India is only going to let me accept it on its own terms

The view from the train between Mumbai and Pune

Back in September 2008, I arrived in Cambodia - one of my first ventures into a country with a distinctly different culture compared to what I’d grown up accustomed to in Melbourne. I was most definitely out of my depth - but I had my good friend Melina, who had moved over to Cambodia earlier in the year, on hand to ease me into this corner of the world.

Melina made sure the experience was an honest one - no coddling, no hiding in fancy hotels, no expensive taxis. The journey from the airport was by tuk-tuk to a modest hotel, taking in the sights and sounds and smells along the way, in a more authentic approach than I probably would have opted for myself.

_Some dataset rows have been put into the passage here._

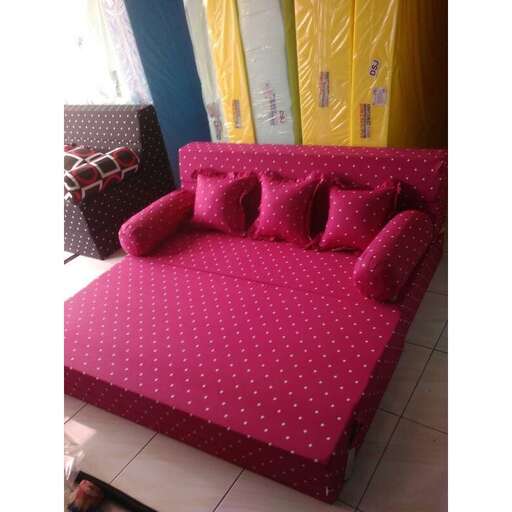 a couch with a pink cushion and pillows on it.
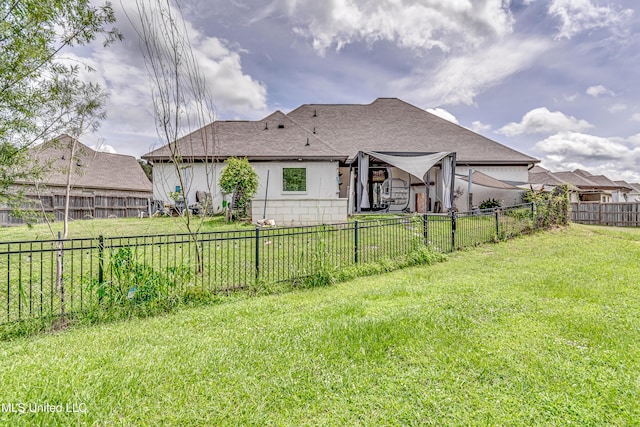 625 Wild Horse Ln, Brandon, MS 39042 - back of house featuring a fenced backyard, roof with shingles, and stucco siding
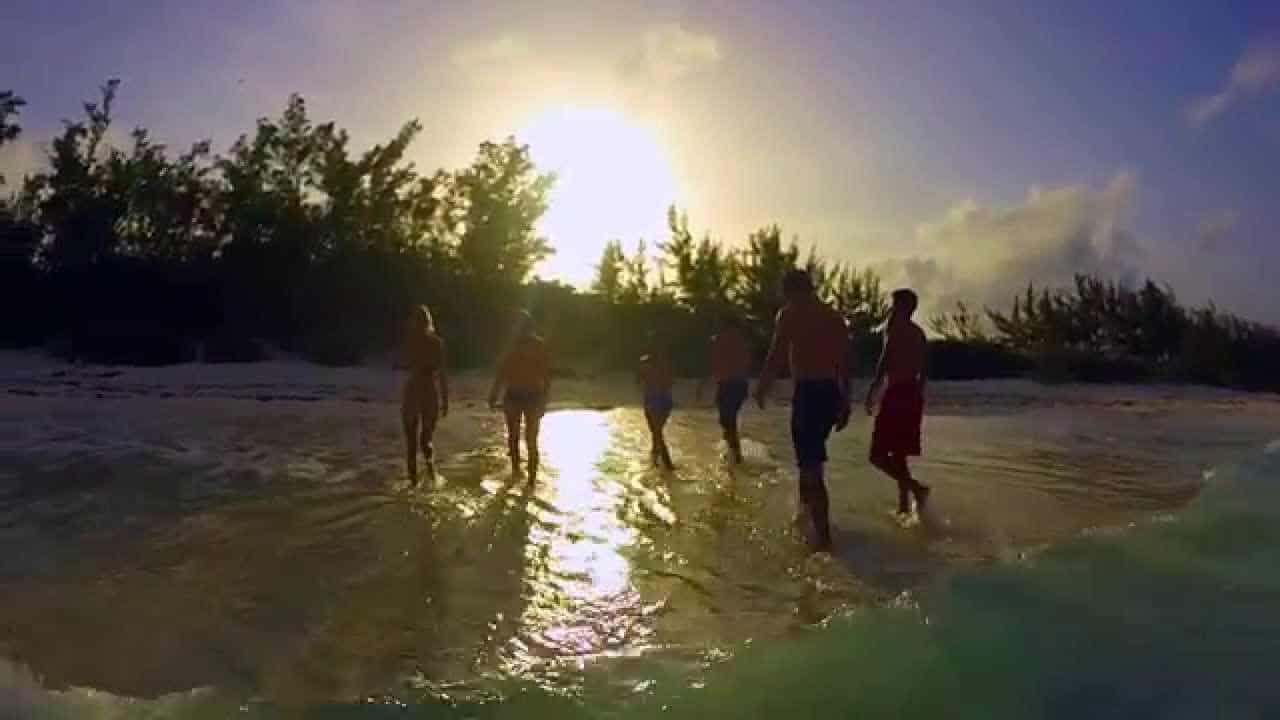 Group of people wading through shallow water on a sandy beach at sunset, with trees silhouetted in the background.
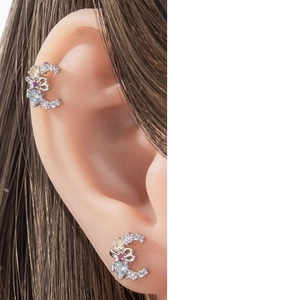 Macro shot of crescent-shaped ear cuff with colorful cubic zirconia and heart detail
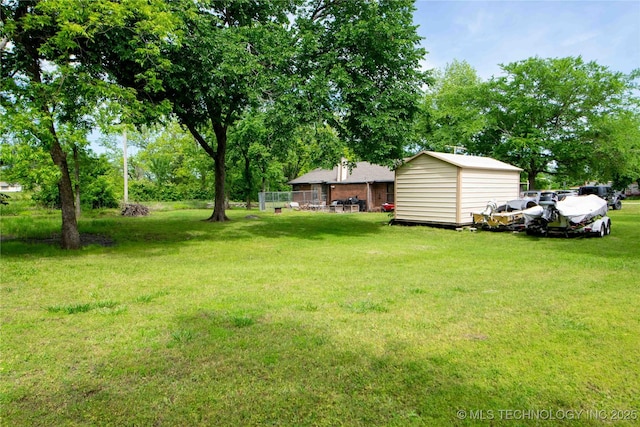 view of grassy yard with a storage shed, an outbuilding, and view of wooded area
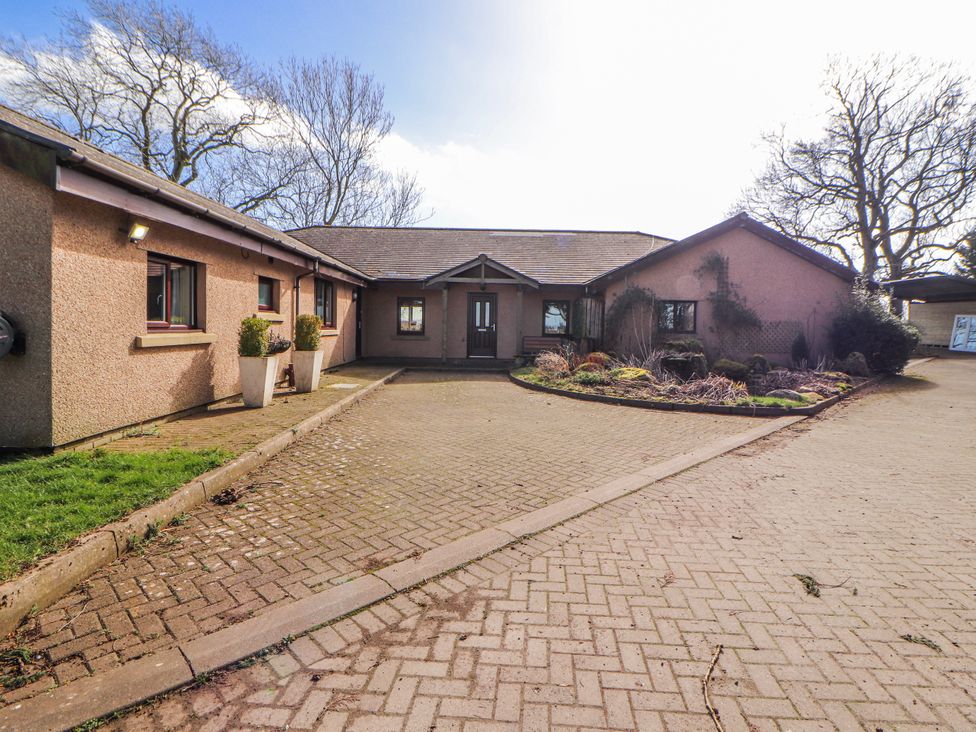 An outdoor view of a building with a driveway and garden at Old Riggs Paddock Penrith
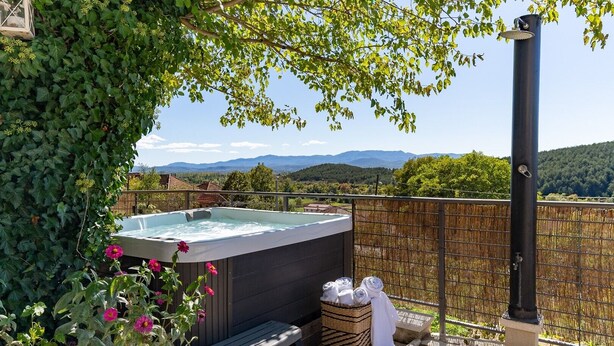 Un jacuzzi rodeado de follaje, un banco de madera y una cesta de mimbre con toallas.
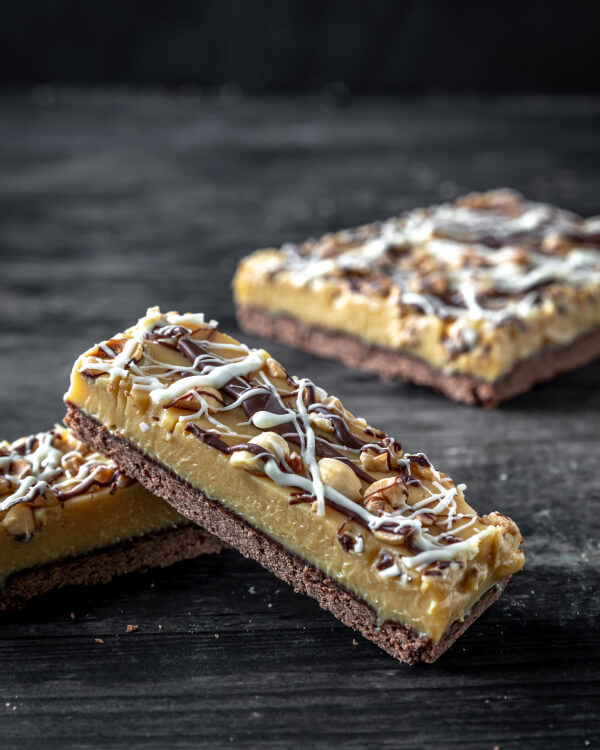 Three pieces of gooey salted caramel slice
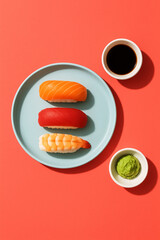 Top view of sushi flat lay on coral colour background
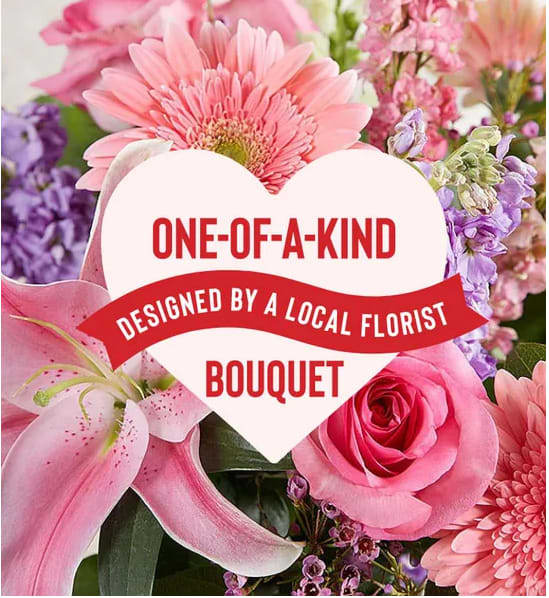 Pink and purple bouquet with a heart-shaped sign reading one-of-a-kind bouquet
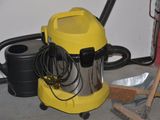a yellow and black vacuum and a broom on the floor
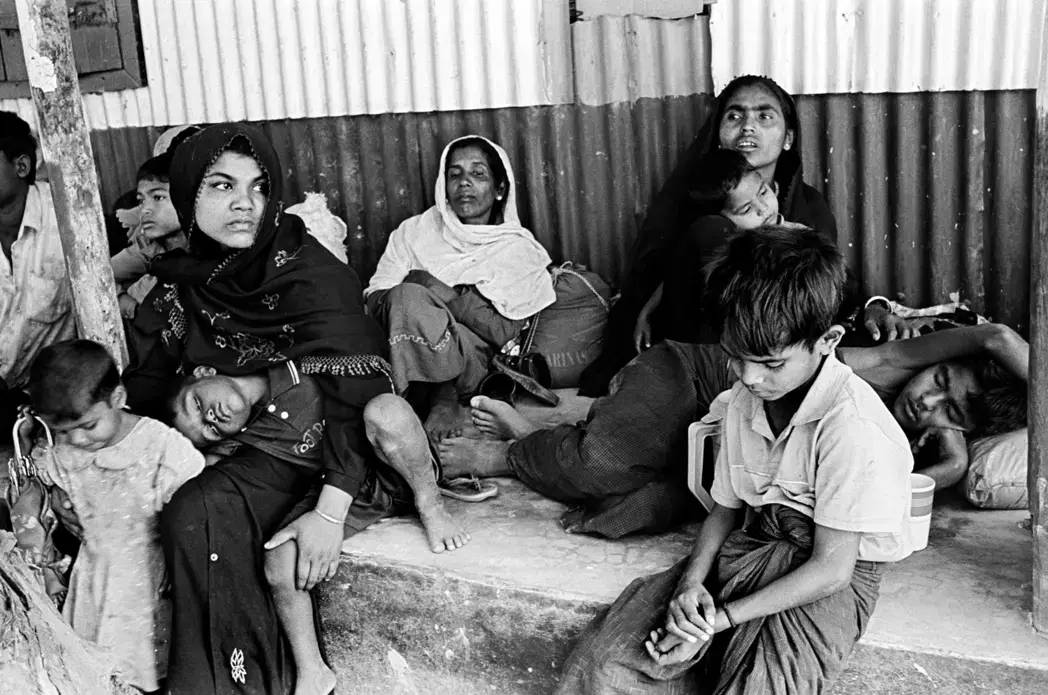 Exhausted from their journey out of Burma, 20 Rohingya were detained by Bangladeshi authorities as soon as their boat had crossed the Naf River from Burma and landed in the Shapuridip area of southern Bangladesh. Fifteen of the people in the group were women and children. Several of the children were sick. Border authorities pushed the entire group back to Burma the same night, but many in the group returned to Bangladesh the next day. Image by Greg Constantine. Bangladesh, 2012. Media file: bangladesh-rohingya.jpg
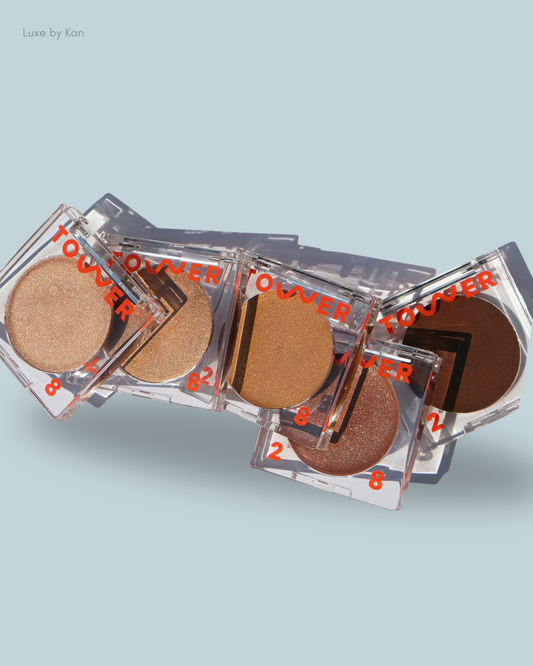 A collection of Bronzino Illuminating Cream Bronzers in various shades, each featuring the brand name "Tower 28."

Her guidance continued for a little while, helping me with finding my way around Battambang, learning a smattering of Khmer, and introducing me to both ex-pats and locals. After a little while (with some prodding), my existence in Cambodia became far more independent, and I was able to make my way around town confidently and haggle for intercity taxis in a mixture of English and Khmer. My stay - initially planned as two weeks - became four months.

Now, I find myself visiting India for the first time. Again, I’m out of my depth, but Melina’s back in Melbourne and for the first few days I didn’t cross paths with anyone I knew. That changed once I start socialising with other Ruby developers around the conference kicking off, but the fact that I’ve had to fend for myself a bit more has me re-realising how lucky I was to have Melina’s wisdom and experience guiding me in Cambodia all those years ago.

Don’t get me wrong: India is a very different country to Cambodia - it’s the fact that they’re both different to my established comfort zone in particular that has me drawing parallels. I’m trying to remove any expectations and stereotypes as I’ve ventured through Mumbai and onto Pune - certainly, India is only going to let me accept it on its own terms.

I’m a little wary of embracing an authentic experience - how can I, as a visitor, judge what’s authentic? There are so many different cultures mixed into India, so much wealth and poverty - applying a broad brush for a generalisation is foolish. And as a white man who only speaks English, my experiences are always going to be tainted.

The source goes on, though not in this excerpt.